Often, we find ourselves at points in our lives where we must obey the instructions of those who do not practice what they preach, it is a humbling process to go through because we are forced to acknowledge that what they are asking is right in and of its self and by their authority but that them also setting double standards makes it hard for us to want to obey them because they themselves do not follow their own standards. Jesus reminds us in today’s Gospel reading that while we should listen to the the authorities around us by, “…observ[ing] all things whatsoever they tell you, but do not follow their example.
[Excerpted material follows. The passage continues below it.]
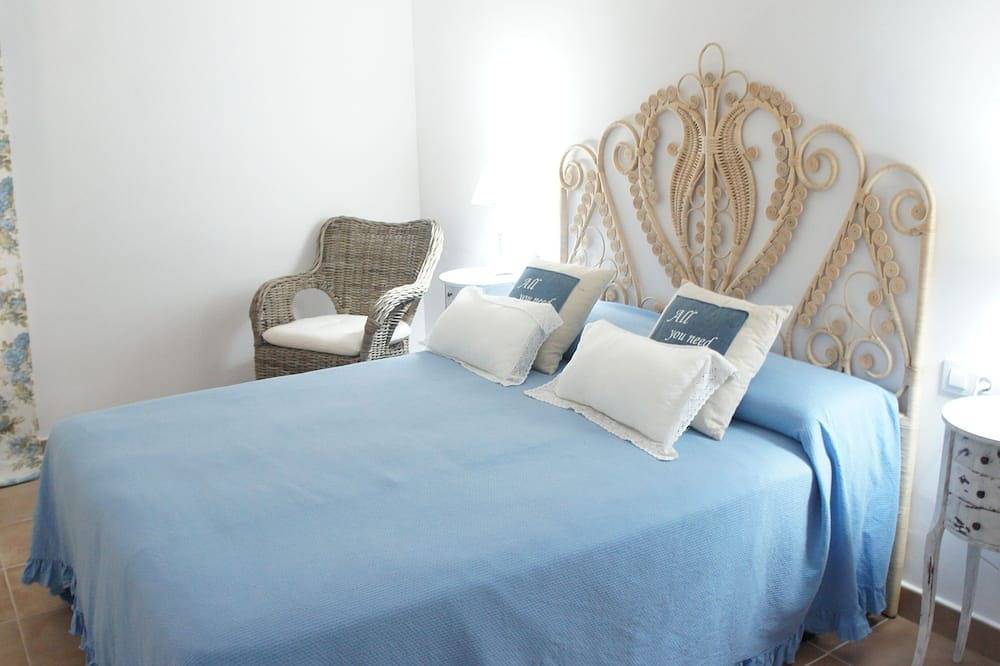 Villa Binimigi - Beach Front 4 Suites Wifi Satellite in Binisafuller Platja, Sant Lluís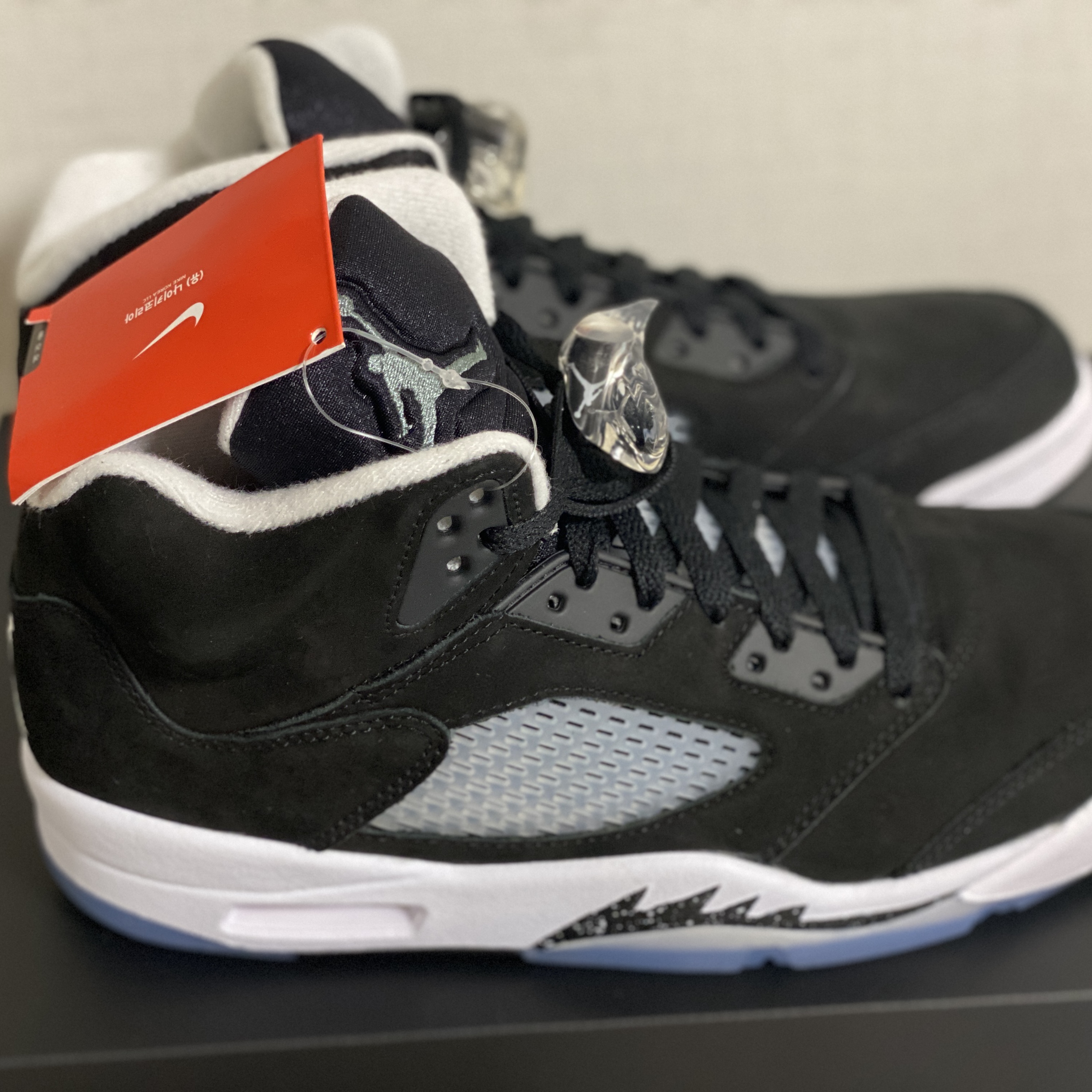 Jordan 5 Retro Moonlight 착용 스타일 - 2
For they preach but they do not practice.” I was reminded of the gospel reading a few Sundays ago that tells us to “…Render to Caesar the things that are Caesar’s, and to God the things that are God’s. (Matthew 12:17) Jesus teaches us that we should, “…not lay up for yourselves treasures on earth, where moth and rust destroy it… but lay up for yourselves treasures in heaven… where your treasure is, there your heart will be also. (Matthew 6:19-21)”. All of this reminds us as Christians that we should practice what we preach because people should know us not by the sincerity of our words but rather the sincerity of our actions.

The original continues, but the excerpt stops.